WORK TASK - Output all of the data below without changing a word, and exclude the pictures.

PROVIDED DATA -
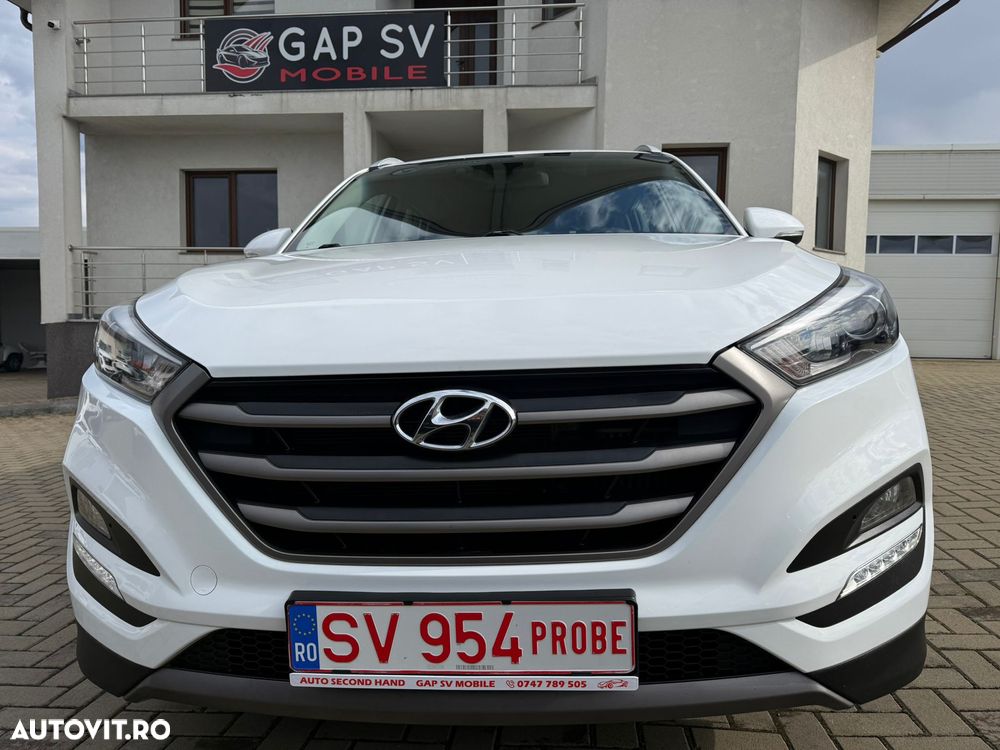 Hyundai Tucson ver-2-0-crdi-4wd-automatik-premium - 2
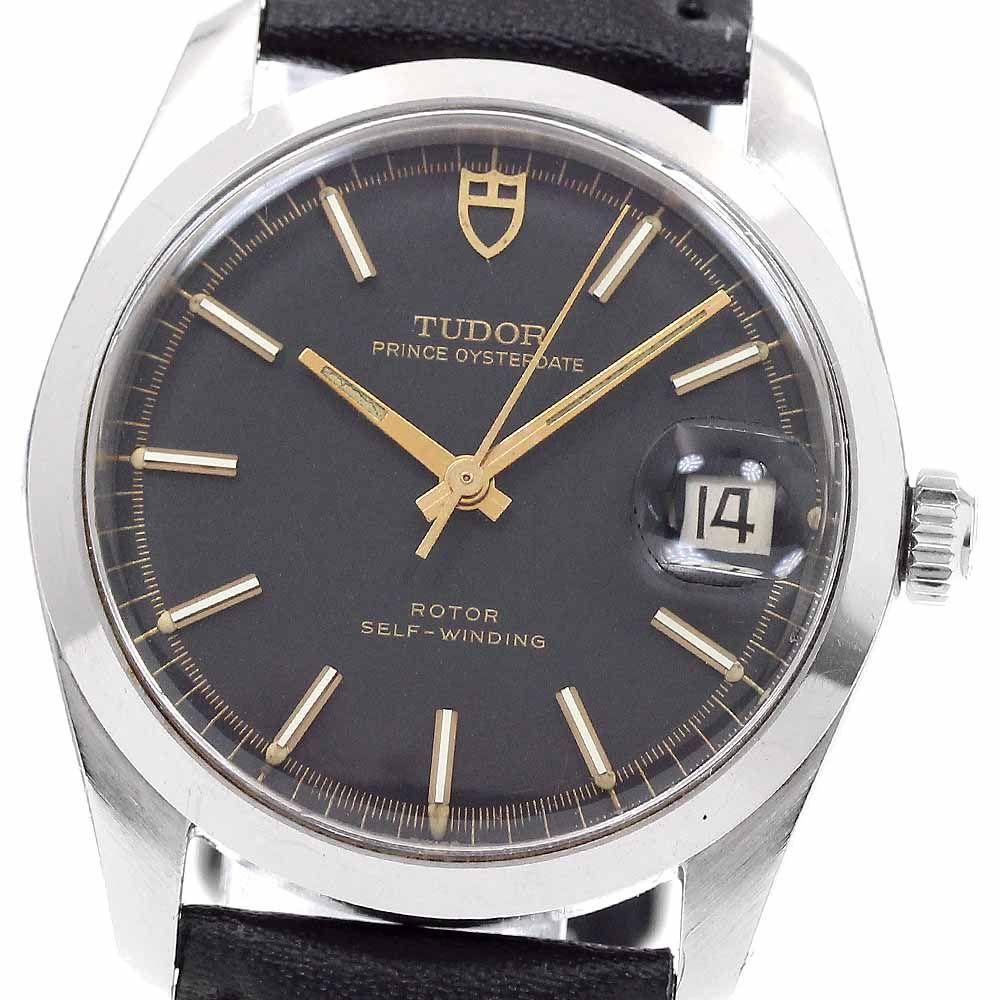 チュードル TUDOR 9050|0 プリンス オイスターデイト cal.2784 自動巻き メンズ _939194
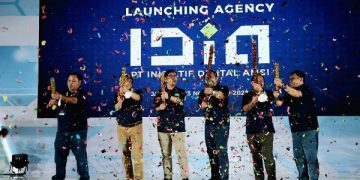 Launching Agency IDiA. Foto: Ist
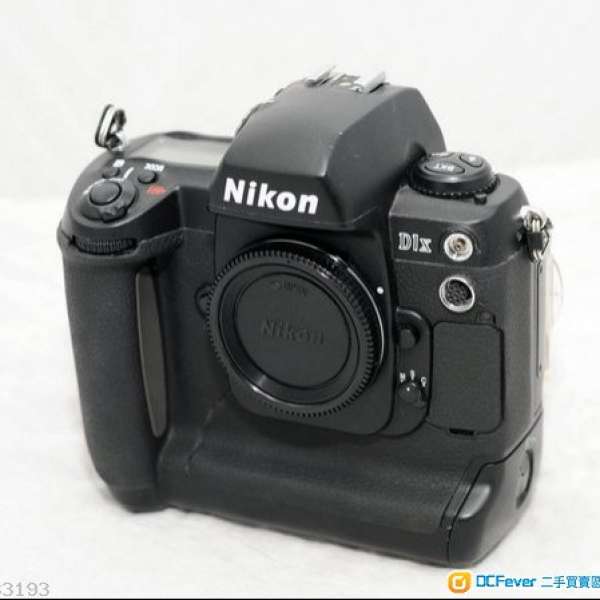 Nikon 機皇 D1X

REPLY -
 Hyundai Tucson ver-2-0-crdi-4wd-automatik-premium - 2
 チュードル TUDOR 9050|0 プリンス オイスターデイト cal.2784 自動巻き メンズ _939194
 Launching Agency IDiA. Foto: Ist
 Nikon 機皇 D1X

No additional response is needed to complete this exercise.